O1 tool steel Vs D2: What are the difference?

O1 tool steel Vs D2: O1 tool steel and D2 tool steel are both widely used cold-work tool steels, but they possess distinct characteristics that make them suitable for different applications. A detailed comparison reveals their strengths and weaknesses.

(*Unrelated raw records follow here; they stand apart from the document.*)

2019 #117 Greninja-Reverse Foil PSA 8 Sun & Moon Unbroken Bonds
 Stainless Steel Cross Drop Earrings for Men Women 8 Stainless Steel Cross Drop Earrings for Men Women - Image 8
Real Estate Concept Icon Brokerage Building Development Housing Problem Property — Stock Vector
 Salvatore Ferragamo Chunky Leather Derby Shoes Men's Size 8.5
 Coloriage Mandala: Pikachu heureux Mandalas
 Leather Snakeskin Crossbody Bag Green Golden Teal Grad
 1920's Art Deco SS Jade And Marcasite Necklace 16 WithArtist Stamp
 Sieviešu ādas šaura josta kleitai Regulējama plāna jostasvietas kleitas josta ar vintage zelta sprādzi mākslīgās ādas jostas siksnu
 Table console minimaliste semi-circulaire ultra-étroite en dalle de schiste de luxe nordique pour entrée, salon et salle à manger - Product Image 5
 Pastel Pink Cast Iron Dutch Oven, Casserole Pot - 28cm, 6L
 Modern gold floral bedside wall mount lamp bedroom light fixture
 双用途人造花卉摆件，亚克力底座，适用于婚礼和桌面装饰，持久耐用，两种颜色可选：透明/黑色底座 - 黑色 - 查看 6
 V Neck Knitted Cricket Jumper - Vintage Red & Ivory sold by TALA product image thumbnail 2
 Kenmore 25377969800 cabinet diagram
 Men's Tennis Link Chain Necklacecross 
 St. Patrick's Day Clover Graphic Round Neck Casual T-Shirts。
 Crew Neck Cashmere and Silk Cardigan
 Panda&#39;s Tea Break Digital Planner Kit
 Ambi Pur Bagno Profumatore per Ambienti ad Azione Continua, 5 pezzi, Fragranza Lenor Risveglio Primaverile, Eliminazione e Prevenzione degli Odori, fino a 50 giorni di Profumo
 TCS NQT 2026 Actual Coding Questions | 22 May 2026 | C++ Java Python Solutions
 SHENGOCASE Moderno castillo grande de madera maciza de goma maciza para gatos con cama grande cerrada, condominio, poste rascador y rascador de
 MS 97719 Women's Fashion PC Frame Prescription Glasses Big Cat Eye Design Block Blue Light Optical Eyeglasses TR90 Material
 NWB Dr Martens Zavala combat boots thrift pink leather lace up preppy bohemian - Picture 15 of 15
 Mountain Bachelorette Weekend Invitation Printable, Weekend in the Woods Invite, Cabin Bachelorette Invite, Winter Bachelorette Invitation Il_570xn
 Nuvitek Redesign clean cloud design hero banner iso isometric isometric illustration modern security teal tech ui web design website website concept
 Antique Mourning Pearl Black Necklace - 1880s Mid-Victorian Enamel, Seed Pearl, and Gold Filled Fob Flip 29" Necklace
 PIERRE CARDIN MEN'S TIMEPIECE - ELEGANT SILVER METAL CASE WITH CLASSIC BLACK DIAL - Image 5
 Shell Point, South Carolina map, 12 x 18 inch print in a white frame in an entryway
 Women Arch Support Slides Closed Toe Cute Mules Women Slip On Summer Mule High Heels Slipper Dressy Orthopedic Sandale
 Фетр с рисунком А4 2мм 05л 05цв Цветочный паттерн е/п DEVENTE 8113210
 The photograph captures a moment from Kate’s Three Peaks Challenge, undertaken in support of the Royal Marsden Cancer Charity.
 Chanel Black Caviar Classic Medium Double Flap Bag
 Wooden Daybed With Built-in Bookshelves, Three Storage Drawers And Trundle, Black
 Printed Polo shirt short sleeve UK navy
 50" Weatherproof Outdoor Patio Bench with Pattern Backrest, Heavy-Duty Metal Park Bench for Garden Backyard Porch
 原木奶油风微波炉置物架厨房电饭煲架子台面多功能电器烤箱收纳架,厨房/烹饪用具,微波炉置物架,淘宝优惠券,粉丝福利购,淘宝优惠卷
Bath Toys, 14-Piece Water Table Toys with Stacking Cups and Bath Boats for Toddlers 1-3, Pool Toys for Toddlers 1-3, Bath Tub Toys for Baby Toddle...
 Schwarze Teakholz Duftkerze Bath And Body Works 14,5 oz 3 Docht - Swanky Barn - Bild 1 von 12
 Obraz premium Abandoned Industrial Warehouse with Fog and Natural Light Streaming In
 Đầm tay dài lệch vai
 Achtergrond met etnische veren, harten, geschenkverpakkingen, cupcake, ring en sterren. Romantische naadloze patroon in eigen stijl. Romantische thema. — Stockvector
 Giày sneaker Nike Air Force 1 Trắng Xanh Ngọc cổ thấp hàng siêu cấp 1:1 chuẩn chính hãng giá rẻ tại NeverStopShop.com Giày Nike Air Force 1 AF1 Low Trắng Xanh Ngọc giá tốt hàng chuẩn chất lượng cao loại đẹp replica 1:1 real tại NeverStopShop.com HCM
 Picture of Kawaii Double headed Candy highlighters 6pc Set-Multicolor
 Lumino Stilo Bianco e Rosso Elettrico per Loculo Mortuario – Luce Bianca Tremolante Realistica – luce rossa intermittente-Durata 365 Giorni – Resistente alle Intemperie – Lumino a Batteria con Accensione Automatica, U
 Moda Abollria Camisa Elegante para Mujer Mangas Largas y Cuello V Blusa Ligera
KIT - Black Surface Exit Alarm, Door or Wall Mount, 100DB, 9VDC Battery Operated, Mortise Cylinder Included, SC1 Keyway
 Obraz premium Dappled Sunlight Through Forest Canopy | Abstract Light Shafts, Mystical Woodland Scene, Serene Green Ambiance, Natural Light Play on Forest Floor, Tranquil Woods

O1 tool steel Vs D2: Chemical Composition

Element	O1 Tool Steel (%)	D2 steel composition (%)
Carbon (C)	0.85 – 1.00	1.40 – 1.60
Chromium (Cr)	0.40 – 0.60	11.00 – 13.00
Manganese (Mn)	1.00 – 1.40	0.10 – 0.60
Vanadium (V)	0.15 – 0.30	0.50 – 1.10
Molybdenum (Mo)	–	0.70 – 1.20
Tungsten (W)	0.40 – 0.60	–
Silicon (Si)	0.10 – 0.50	0.10 – 0.60
Phosphorus (P)	≤ 0.03	≤ 0.03
Sulfur (S)	≤ 0.03	≤ 0.03

O1 tool steel Vs D2: Mechanical Properties

1. Hardness. O1 steel and D2 steel have similar working hardness. The typical O1 steel hardness is 58–60 HRC. D2 steel hardness is 58–61 HRC and can reach 60–62 HRC through heat treatment, even up to 63-64 HRC when produced by Powder Metallurgy (P/M) processing. Generally, the O1 steel Rockwell hardness is slightly lower than that of D2.
2. Strength. O1 has a yield strength of 829 MPa (758 MPa UTS). Its compression yield strength was higher than D2 steel. The yield strength of D2 is 411 MPa (350 MPa UTS), and the tensile strength (UTS) is 758 MPa.
3. Toughness. Compared with O1, D2 has lower toughness. The large amount of carbides in D2 steel reduces its toughness.
4. Ductility/Plasticity. O1 steel has higher ductility than D2 steel. O1 exhibits significant necking before fracture, with a calculated area reduction of approximately 19.7%. D2 showed almost no necking before fracture, with an area reduction of 1.3%.
5. Wear Resistance/Abrasion Resistance. D2 has better wear resistance compared to O1. O1 steel has moderate wear resistance, while D2 steel has very high wear resistance. This is because the high carbon and chromium content in D2 steel produces a large amount of M7C3-type chromium-rich carbides.
6. Dimensional Stability/Distortion. Compared to other tool steels, D2 steel has the best dimensional stability during heat treatment, although O1 also exhibits minimal dimensional changes during oil quenching. D2 steel is primarily air-hardened, with expansion or contraction of approximately 0.0005 inches per inch.
7. Machinability/Grindability. O1 has excellent machinability, rated at 90 compared to 100 for 1% carbon steel. D2 is particularly poor in terms of machinability, with a rating of 45 compared to 100 for 1% carbon steel. Obviously, O1 steel has much better machinability.

Heat Treatment Comparison

Feature	O1 Steel heat treatment	Heat treat D2 Steel
Hardening/Austenitizing Temperature	802–816 °C (1475–1500 °F)	1010–1024 °C (1850–1875 °F)
Quenching Medium	Oil-hardening. Achieves full hardness when quenched in oil.	Primarily air-hardening. Oil quenching may be required for heavier sections.
Tempering	Typically tempered at 149–232 °C (300–450 °F).	Tempered at low temperatures, around 200 °C (392 °F), to achieve high hardness.
Decarburization and Cracking	Suffers from decarburization during heat treatment and is subject to cracking from thermal shock during oil quenching.	D2 has high resistance to cracking during metal formation and fabrication.

Applications

O1 is a versatile, general-purpose tool steel often chosen for small tools that require good machinability and balanced toughness and hardness. D2 tool steel application is preferred for long-run dies and demands maximum wear resistance and dimensional stability.